Toronto man still fit as he turns 100

Yitzak Eisenberg, who will turn 100 on Jan. 6, and his wife, Anne.

“It’s not easy getting older, but there’s still a lot of pleasure in life,” says Yitzak Eisenberg who turns 100 this week.

In an interview, the centenarian said the things that helped him along the way are “my beloved family, exercise, playing cards and a lot of determination.”

Eisenberg was born in Radom, Poland, on Jan. 6, 1913, and worked as a tailor. When there was no work for him in Radom, he moved to Lodz in 1933.

In 1939, with thousands of other Jews, he fled to the Russian border, where he had to sign up for hard labour to get into the country.

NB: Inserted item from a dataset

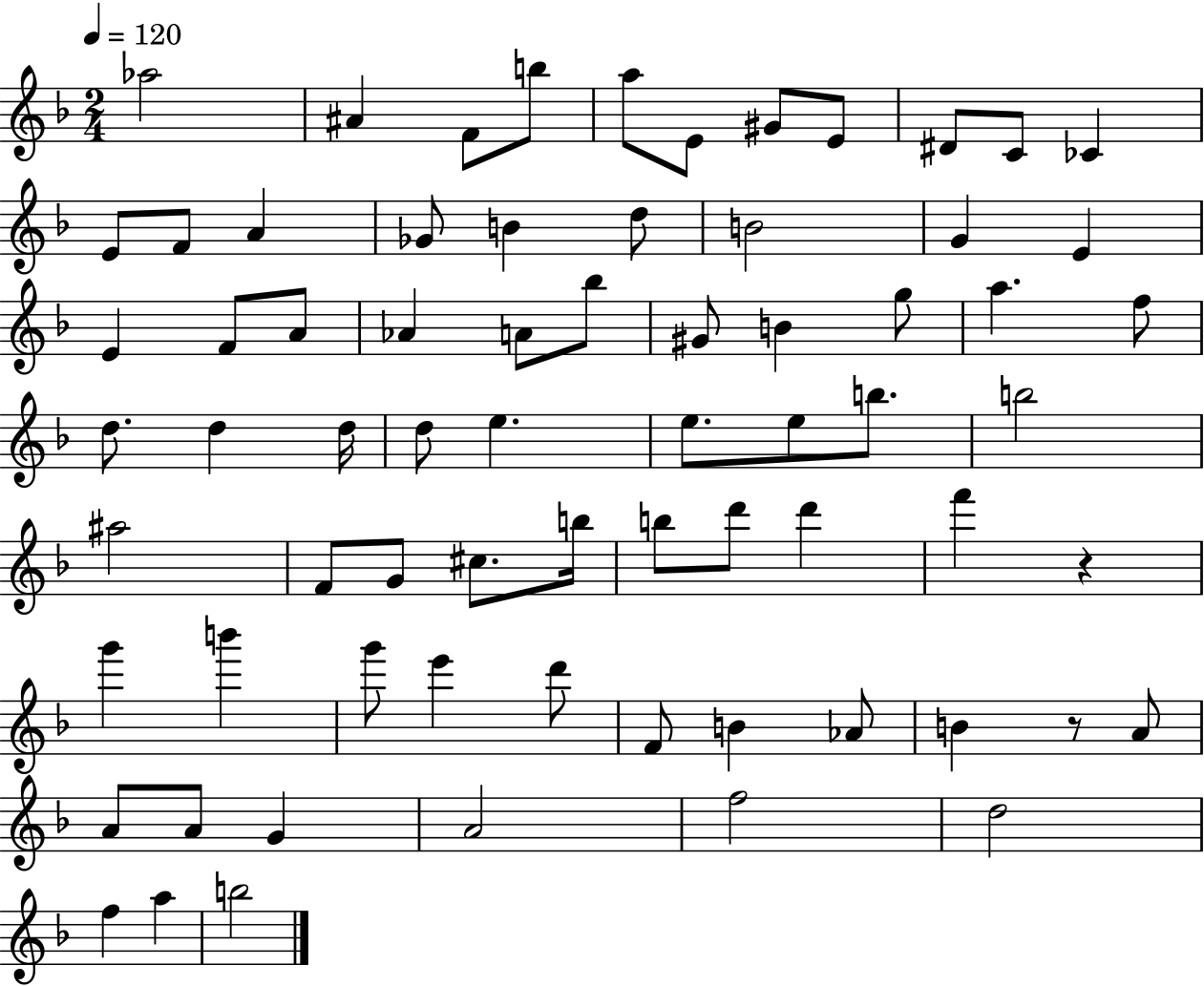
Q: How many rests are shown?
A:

In Siberia, he worked with some 20,000 other Jews in a factory in Magnitogorsk, an industrial mining town that supported the war industry.

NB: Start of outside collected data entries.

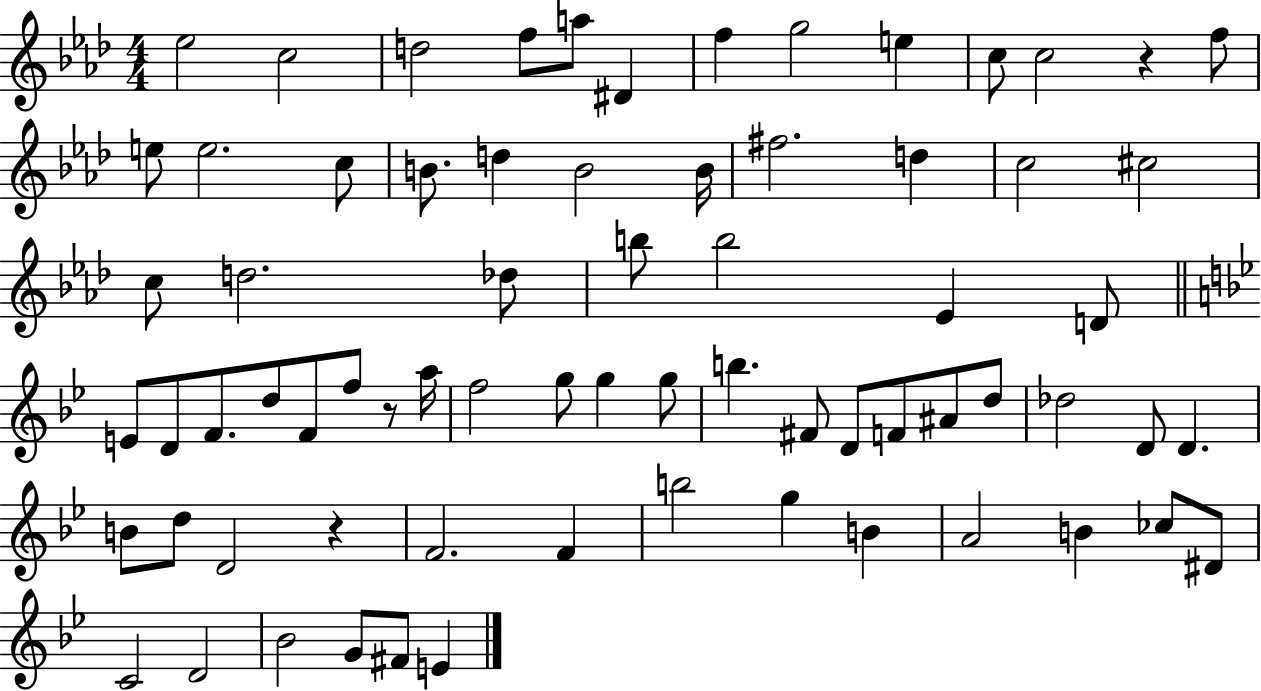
X:1
T:Untitled
M:4/4
L:1/4
K:Ab
_e2 c2 d2 f/2 a/2 ^D f g2 e c/2 c2 z f/2 e/2 e2 c/2 B/2 d B2 B/4 ^f2 d c2 ^c2 c/2 d2 _d/2 b/2 b2 _E D/2 E/2 D/2 F/2 d/2 F/2 f/2 z/2 a/4 f2 g/2 g g/2 b ^F/2 D/2 F/2 ^A/2 d/2 _d2 D/2 D B/2 d/2 D2 z F2 F b2 g B A2 B _c/2 ^D/2 C2 D2 _B2 G/2 ^F/2 E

“I pretended that I was sick and had a pain in my chest,” he recalled. “They gave me four weeks off. I was very fearful as my brother was accused of being a spy and was assassinated.” His brother was later exonerated, he added.

Through a chance meeting with a woman who knew his brother, he was able to get a job as a tailor, making clothes for the people working in the factory.

Although the work was not difficult, “I lived in fear day and night. I was afraid I would be accused of something as my brother had been.”

After the war, Eisenberg did not want to return to Poland because of the antisemitism. He found his way to Stuttgart, Germany, where he applied to go to America with his wife, Channah (Frenkiel).

He arrived in Canada in 1946 and thought that Canada was America – the United States. “But it turned out for the best, as my father’s sister lived in Toronto,” he said with a smile. “I was really born in 1946 when I arrived in Canada.”

Over the next few decades, Eisenberg tried some different ventures – working as a tailor, at a dry cleaners, in a furniture store, in pickle importing, as a real estate agent and in the building business.

An entrepreneur, he admitted that he had a lot of courage and foresight and always had a vision for improving his life.

In the early 1960s, Eisenberg’s desire to remain strong and healthy began. “I joined Vic Tanny’s gym and bought a life membership for $18.”

He said that around that time, he also began playing cards to keep his mind sharp.

When he retired at age 65, Eisenberg began swimming an hour every day and working out on the resistance machines.

At 85, although he was fit, he needed bypass surgery. The doctors did not want to operate at his age. He told the doctors not to judge him by his age. “I am fit and I want the operation,” he told them.

“And I’ve gone on to live 15 more vital years.”

At 93, he joined the Columbus Centre Gym, and four years later, they gave him a free lifetime membership.

Eisenberg has two children, Morty Eisenberg and Helene Smagala, six grandchildren and is expecting their first great-grandchild.

Although Eisenberg has macular degeneration and is legally blind, he walks a mile at the Columbus Centre and continues to use the resistance machines.

His daughter, Helene, told The CJN that her father is “a fearlessly and independent man. He continues to take the bus to his appointments and continues to do whatever he can.”

Eisenberg will celebrate his 100th birthday at a party at the Columbus Centre on Jan. 6, where 150 guests, including seven family members from Israel, will toast the centenarian.